Your model is built on the premise of a "sending entity" and a "receiving entity".  In the real world, not only is Server A sending SIP messages to Server B, but Server B is also sending SIP messages to Server A. 

I don't think you should clutter up your model by trying to address both directions at once, but you should state somewhere in the text that you have made that simplification/abstraction for ease of comprehension, and that any mechanism must work in the context of "SIP messages going both ways". 

My suggestion would be to add another sentence after 
"The model in Figure 1 shows a scenario with one sending and one 
   receiving entity.  In a more realistic scenario a receiving entity 
   will receive traffic from multiple sending entities and vice versa 
   (see Section 6)." 

My suggestion would be: 
"In addition, in a more realistic scenario, SIP messages will be going both directions, from B to A as well as A to B.  However, the overload control mechanisms in each direction can be considered independently." 

Then, in section 5.1, change 
"Each control loop between two servers is 
   completely independent of the control loop between other servers 
   further up- or downstream."   
To 
"Each control loop between two servers is 
   completely independent of the control loop between other servers 
   further up- or downstream, and of the control loop between the two servers in the other direction." 

Section 8, 
second paragraph 
After "An 
   overload control mechanism should ensure that the delay encountered 
   by a SIP message is not increased significantly during periods of 
   overload." 
Add 
"Significantly increased delay can lead to time-outs, and retransmission of SIP messages, making the overload worse." 

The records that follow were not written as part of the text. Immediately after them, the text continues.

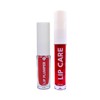 Mlashes | Volumizador para labios al instante con tinta |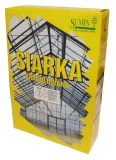 sumin-siarka-granulowana-500g-stan-nowy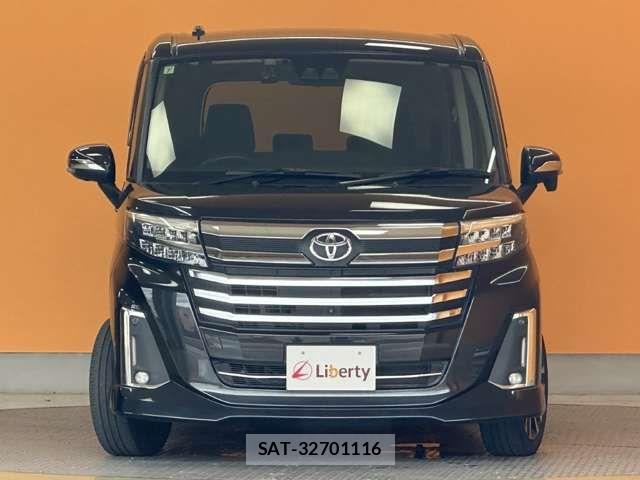 Toyota ROOMY 2021-07 8686444-19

"Reactiveness" doesn't seem the right word to me.  "Responsiveness" sounds better to me. 

End of section 8 
Another important metric is the (cpu) load used by the overload "monitor" and "actuator". 

End of section 9 
Suggest changing 
"Explicit overload control 
   mechanisms can be differentiated based on the type of information 
   conveyed in the overload control feedback and whether the control 
   function is in the receiving or sending entity (receiver- vs. sender- 
   based overload control)." 
To 
"Explicit overload control 
   mechanisms can be differentiated based on the type of information 
   conveyed in the overload control feedback and whether the control 
   function is in the receiving or sending entity (receiver- vs. sender- 
   based overload control), or both." 

In 9.2, I think 
"A loss percentage enables a SIP server to ask an upstream neighbor to 
   reduce the number of requests it would normally forward to this 
   server by a percentage X. For example, a SIP server can ask an 
   upstream neighbor to reduce the number of requests this neighbor 
   would normally send by 10%.  The upstream neighbor then redirects or 
   rejects X percent of the traffic that is destined for this server." 
Should be 
"A loss percentage enables a SIP server to ask an upstream neighbor to 
   reduce the number of requests it would normally forward to this 
   server by a X%. For example, a SIP server can ask an 
   upstream neighbor to reduce the number of requests this neighbor 
   would normally send by 10%.  The upstream neighbor then redirects or 
   rejects 10% of the traffic that is destined for this server." 

End of 9.2 
WRT: 
"Thus, percentage throttling requires an adjustment of the throttling 
   percentage in response to the traffic received and may not always be 
   able to prevent a server from encountering brief periods of overload 
   in extreme cases." 
This is not unique to percentage throttling.  It is possible in rate based and window based methods as well.  In all cases, it is heavily dependent on the frequency of updates by the control mechanism.  But that needs to be balanced against the load generated by the control mechanism.  I am not sure whether it makes sense to say something in each method, or put it up front as a general comment. 

Sec 9.4 
Here again, remember that there are many other things that can generate 503, with or without Retry-After. 

Sec 11 
Last paragraph add: 
"Conversely, the semantics of any proposed approach should permit a variety of different algorithms." 




Nits/wordsmithing 
Note at end of section 6, change "different than" to "different from". 

Section 12 first para 
Change 
"Overload control can require a SIP server to prioritize requests and 
   select requests that need to be rejected or redirected." 
To 
"Overload control can require a SIP server to prioritize requests and 
   select requests to be rejected or redirected." 

Sec 12 
Third para 
Change 
"Responses should not be targeted when a SIP server is trying to 
   reduce load for a number of reasons." 
To 
"For a number of reasons, SIP responses should not be dropped in order to 
   reduce SIP processing load" 


Janet